───── INPUT MATERIAL ─────
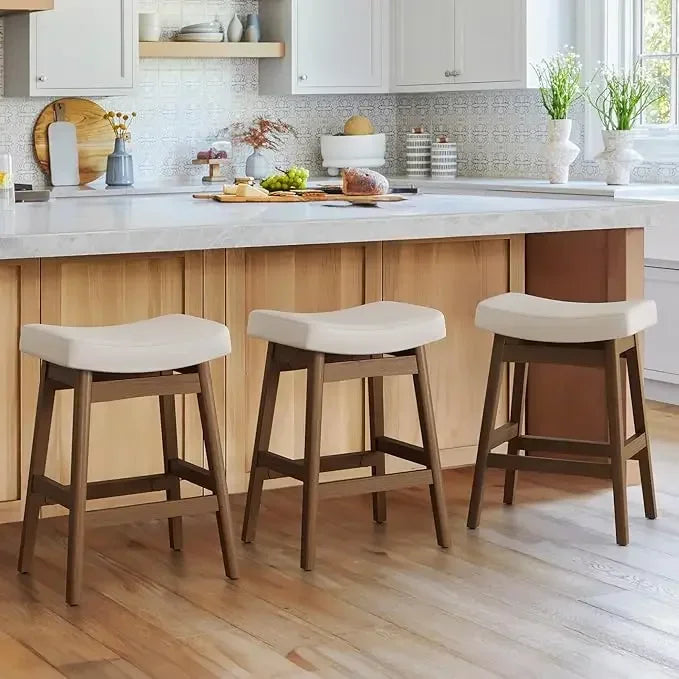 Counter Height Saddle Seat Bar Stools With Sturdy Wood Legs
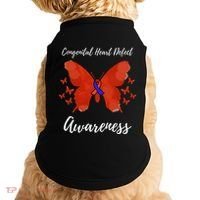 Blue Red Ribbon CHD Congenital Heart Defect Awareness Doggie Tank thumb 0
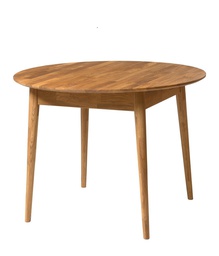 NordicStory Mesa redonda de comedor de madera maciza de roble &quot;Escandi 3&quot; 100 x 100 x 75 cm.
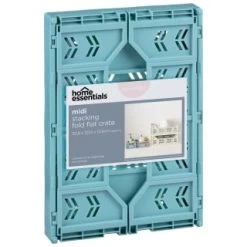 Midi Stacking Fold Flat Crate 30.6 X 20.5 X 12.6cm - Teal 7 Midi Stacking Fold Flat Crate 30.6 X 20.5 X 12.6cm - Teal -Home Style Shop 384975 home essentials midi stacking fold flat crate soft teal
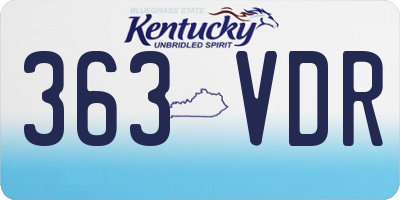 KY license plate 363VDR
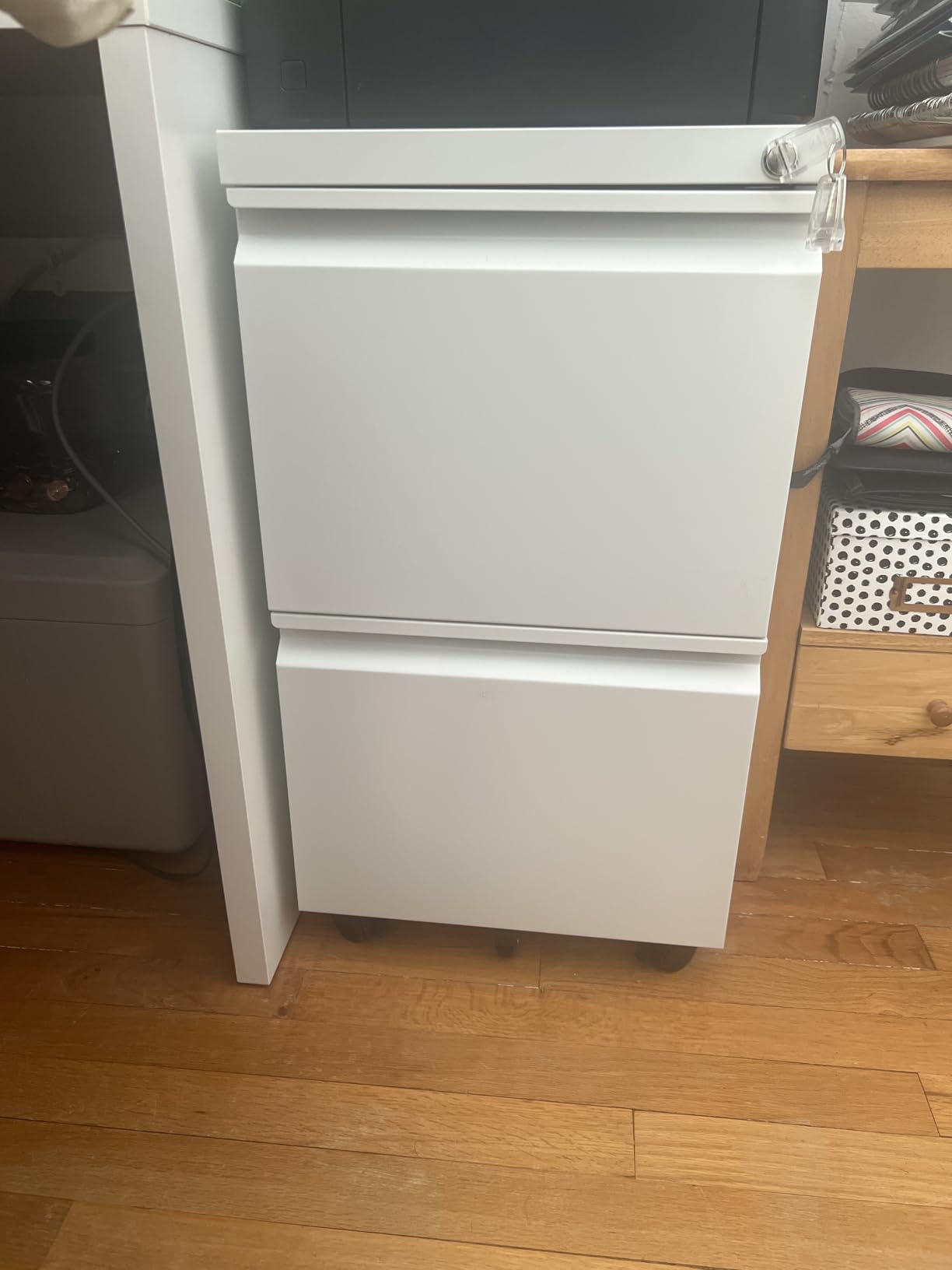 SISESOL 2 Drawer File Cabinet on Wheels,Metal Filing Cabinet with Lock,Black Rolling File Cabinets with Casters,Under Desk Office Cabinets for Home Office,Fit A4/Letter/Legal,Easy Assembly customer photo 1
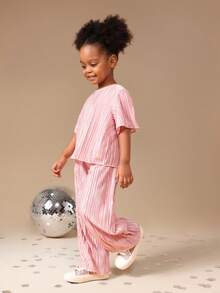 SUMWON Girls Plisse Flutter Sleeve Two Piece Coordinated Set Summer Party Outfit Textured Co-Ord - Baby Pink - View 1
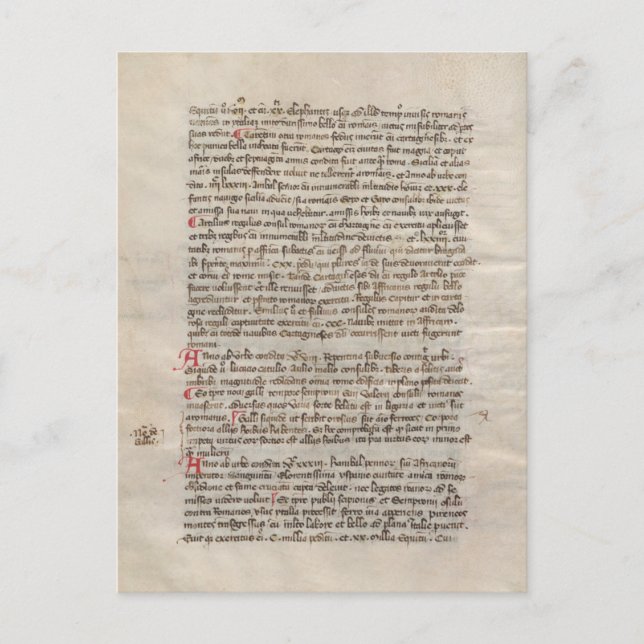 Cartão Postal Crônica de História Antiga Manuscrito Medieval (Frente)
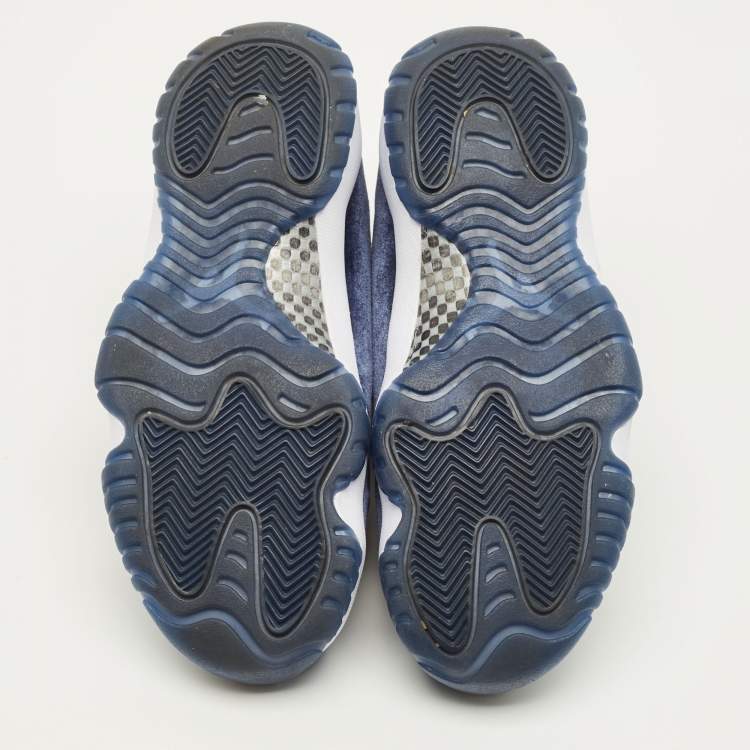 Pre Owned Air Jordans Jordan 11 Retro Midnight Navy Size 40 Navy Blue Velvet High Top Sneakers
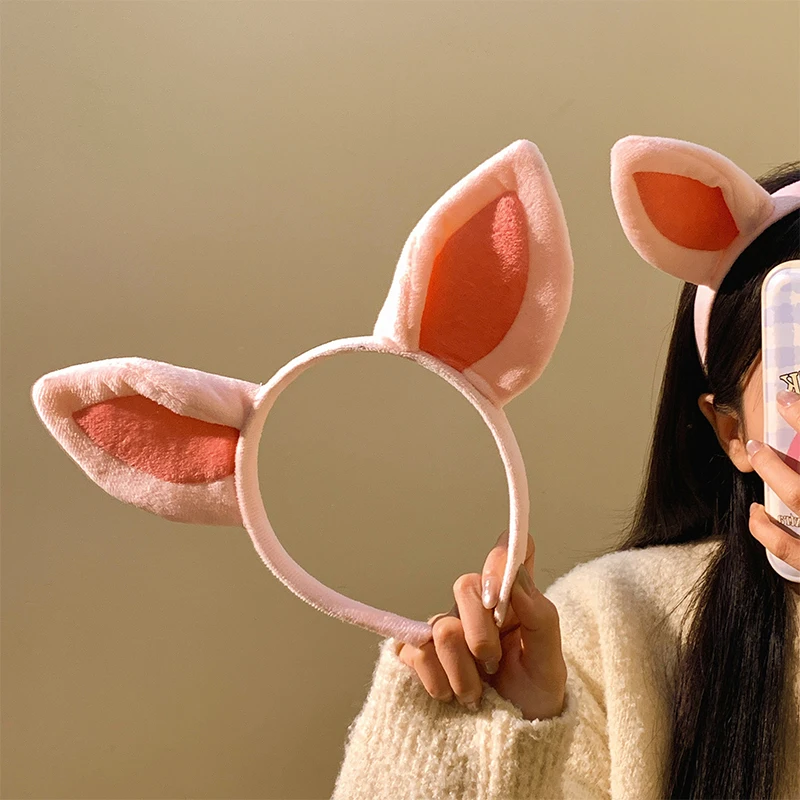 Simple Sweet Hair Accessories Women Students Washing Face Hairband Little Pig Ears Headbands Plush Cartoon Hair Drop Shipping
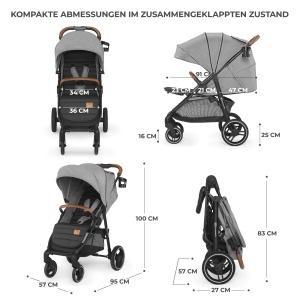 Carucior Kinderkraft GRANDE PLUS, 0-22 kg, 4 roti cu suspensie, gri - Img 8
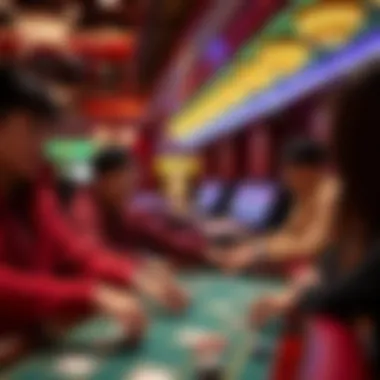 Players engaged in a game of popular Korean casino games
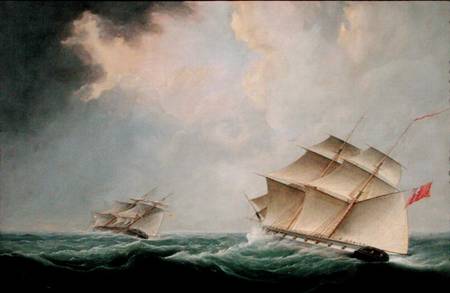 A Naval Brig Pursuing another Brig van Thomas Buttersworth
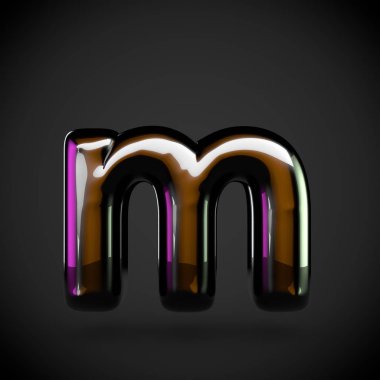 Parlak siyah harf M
─────
§ **ACTIVITY**
Please restate exactly the lines from the one containing "SUMWON Girls Plisse" down to the end of the material, both ends kept, and do not include the pictures.

§ **FINISHED TASK**
 SUMWON Girls Plisse Flutter Sleeve Two Piece Coordinated Set Summer Party Outfit Textured Co-Ord - Baby Pink - View 1
 Cartão Postal Crônica de História Antiga Manuscrito Medieval (Frente)
 Pre Owned Air Jordans Jordan 11 Retro Midnight Navy Size 40 Navy Blue Velvet High Top Sneakers
 Simple Sweet Hair Accessories Women Students Washing Face Hairband Little Pig Ears Headbands Plush Cartoon Hair Drop Shipping
 Carucior Kinderkraft GRANDE PLUS, 0-22 kg, 4 roti cu suspensie, gri - Img 8
 Players engaged in a game of popular Korean casino games
 A Naval Brig Pursuing another Brig van Thomas Buttersworth
 Parlak siyah harf M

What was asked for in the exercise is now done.